> HOW TO COMPLETE THIS TASK:
Look through the records below for the line with "Vajce, Stanislav, Dívka na motocyklu, 1969". Return that line and each one after it up to and including the line with "Tonka Steel Classics, Classic", exactly.

> RAW DATA:
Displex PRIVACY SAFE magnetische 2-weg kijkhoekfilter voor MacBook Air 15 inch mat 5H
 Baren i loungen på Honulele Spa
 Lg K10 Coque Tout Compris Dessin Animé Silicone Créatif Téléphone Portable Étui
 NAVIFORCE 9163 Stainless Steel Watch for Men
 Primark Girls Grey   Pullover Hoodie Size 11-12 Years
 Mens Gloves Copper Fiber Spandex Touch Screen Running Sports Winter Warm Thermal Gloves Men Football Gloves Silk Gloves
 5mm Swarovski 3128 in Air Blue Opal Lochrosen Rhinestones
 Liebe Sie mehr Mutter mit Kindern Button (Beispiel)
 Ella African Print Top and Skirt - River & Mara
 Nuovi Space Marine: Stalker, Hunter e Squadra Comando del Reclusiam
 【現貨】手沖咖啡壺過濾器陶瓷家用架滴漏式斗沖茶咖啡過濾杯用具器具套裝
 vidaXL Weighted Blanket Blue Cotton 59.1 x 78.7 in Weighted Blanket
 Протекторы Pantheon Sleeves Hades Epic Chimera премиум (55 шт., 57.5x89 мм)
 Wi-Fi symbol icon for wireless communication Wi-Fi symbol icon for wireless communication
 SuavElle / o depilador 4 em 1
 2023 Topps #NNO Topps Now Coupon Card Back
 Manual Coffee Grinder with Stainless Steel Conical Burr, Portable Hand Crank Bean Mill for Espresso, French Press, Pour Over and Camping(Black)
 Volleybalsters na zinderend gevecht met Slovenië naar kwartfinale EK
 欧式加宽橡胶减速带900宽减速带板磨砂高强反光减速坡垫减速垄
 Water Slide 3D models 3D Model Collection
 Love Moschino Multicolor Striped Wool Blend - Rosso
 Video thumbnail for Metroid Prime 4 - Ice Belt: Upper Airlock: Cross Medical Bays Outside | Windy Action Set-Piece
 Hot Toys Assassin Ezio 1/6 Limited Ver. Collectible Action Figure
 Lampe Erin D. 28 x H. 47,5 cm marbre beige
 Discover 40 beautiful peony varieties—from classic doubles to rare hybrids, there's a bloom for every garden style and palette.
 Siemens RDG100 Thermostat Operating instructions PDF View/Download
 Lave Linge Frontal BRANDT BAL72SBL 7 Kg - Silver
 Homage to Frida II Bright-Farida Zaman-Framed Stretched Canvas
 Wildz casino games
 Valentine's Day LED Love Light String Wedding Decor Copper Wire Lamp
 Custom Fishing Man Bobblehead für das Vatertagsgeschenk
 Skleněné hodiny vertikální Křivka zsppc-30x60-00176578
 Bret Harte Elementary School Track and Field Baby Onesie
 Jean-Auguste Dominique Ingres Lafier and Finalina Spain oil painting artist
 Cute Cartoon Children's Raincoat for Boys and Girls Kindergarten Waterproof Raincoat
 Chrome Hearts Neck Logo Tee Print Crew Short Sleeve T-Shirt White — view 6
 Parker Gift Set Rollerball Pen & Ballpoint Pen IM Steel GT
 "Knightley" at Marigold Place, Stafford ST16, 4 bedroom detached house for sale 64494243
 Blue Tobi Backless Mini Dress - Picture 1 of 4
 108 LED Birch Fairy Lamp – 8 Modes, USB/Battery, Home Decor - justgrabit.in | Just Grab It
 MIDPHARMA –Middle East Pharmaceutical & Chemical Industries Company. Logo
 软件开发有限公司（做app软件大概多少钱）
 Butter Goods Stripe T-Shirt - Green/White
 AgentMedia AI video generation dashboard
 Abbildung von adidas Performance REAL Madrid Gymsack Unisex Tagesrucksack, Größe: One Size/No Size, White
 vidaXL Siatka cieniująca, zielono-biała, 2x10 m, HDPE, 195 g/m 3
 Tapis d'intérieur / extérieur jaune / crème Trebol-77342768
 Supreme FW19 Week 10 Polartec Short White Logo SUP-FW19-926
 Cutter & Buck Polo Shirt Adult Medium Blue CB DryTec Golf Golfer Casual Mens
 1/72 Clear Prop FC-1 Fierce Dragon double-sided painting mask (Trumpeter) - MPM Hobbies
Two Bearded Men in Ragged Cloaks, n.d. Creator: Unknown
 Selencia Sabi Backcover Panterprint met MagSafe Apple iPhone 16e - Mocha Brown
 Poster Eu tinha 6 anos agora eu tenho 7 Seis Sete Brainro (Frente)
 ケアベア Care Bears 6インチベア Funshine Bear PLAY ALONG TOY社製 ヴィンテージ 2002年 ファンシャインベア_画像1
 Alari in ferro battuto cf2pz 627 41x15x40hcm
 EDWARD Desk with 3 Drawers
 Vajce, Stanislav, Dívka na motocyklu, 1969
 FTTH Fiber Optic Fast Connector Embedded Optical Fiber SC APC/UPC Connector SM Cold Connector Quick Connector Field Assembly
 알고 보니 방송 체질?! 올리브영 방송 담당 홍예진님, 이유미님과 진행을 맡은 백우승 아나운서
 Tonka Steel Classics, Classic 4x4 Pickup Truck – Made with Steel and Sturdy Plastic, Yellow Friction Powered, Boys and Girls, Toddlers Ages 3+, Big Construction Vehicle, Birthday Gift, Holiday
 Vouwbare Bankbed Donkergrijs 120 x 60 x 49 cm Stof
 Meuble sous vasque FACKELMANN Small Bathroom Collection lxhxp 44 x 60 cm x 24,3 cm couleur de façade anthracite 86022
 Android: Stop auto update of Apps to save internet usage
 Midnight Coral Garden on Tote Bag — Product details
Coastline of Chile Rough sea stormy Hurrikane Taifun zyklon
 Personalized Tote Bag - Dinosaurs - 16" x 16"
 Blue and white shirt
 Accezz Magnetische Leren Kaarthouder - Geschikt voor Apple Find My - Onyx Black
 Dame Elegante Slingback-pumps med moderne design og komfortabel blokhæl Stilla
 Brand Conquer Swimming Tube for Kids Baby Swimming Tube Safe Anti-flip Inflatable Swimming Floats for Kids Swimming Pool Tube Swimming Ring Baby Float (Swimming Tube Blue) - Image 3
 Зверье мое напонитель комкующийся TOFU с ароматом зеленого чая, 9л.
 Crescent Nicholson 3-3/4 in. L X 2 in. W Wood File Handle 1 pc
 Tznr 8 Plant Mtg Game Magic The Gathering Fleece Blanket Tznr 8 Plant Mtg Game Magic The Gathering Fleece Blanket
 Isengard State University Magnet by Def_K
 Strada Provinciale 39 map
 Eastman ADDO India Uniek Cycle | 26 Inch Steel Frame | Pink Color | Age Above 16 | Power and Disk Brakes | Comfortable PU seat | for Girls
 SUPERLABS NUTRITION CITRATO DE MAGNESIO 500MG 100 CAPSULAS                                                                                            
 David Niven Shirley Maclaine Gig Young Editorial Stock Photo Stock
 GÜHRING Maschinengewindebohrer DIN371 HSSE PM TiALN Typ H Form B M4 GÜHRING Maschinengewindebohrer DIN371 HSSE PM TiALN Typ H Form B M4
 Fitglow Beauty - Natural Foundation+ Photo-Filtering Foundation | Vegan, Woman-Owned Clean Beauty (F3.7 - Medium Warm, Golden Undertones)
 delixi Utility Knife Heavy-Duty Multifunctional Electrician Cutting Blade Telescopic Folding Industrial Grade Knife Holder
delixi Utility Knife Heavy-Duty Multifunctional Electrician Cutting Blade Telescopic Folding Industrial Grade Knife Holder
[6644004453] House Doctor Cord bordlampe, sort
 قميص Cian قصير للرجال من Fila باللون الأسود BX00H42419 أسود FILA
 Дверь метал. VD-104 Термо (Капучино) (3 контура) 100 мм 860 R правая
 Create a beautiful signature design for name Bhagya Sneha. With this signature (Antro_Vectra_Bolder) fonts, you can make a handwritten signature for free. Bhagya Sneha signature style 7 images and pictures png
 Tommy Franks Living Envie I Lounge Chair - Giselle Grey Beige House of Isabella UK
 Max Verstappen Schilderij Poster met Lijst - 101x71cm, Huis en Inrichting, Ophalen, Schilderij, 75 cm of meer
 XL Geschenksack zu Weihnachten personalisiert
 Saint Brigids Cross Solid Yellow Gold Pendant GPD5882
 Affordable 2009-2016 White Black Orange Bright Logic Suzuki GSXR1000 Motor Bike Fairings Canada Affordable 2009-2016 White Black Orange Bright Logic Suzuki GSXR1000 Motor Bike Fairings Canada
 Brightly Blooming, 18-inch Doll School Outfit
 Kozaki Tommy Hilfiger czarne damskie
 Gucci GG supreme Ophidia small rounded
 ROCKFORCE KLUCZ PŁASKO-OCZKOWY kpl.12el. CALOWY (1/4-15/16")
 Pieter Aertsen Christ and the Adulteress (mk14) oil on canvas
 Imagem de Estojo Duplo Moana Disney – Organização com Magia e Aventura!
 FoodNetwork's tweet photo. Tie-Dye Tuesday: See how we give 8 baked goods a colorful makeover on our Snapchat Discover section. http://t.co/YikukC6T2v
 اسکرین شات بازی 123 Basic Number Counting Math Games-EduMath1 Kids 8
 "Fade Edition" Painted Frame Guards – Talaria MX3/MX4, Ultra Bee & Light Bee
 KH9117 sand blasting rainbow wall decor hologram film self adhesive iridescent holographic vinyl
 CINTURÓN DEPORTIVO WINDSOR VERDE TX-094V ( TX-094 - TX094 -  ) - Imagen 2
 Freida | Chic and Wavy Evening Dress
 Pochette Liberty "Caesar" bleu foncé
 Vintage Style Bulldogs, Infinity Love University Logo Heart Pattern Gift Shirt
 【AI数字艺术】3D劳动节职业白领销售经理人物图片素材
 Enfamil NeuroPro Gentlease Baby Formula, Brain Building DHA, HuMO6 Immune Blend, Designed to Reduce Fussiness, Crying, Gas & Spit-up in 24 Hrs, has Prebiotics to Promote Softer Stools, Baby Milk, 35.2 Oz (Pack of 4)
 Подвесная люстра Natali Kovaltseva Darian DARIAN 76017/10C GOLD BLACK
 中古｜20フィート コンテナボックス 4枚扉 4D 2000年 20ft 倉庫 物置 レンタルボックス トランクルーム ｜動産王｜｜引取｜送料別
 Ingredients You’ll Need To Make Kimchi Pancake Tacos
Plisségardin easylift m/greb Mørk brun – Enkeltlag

> ANSWER FOR THIS EXERCISE:
 Vajce, Stanislav, Dívka na motocyklu, 1969
 FTTH Fiber Optic Fast Connector Embedded Optical Fiber SC APC/UPC Connector SM Cold Connector Quick Connector Field Assembly
 알고 보니 방송 체질?! 올리브영 방송 담당 홍예진님, 이유미님과 진행을 맡은 백우승 아나운서
 Tonka Steel Classics, Classic 4x4 Pickup Truck – Made with Steel and Sturdy Plastic, Yellow Friction Powered, Boys and Girls, Toddlers Ages 3+, Big Construction Vehicle, Birthday Gift, Holiday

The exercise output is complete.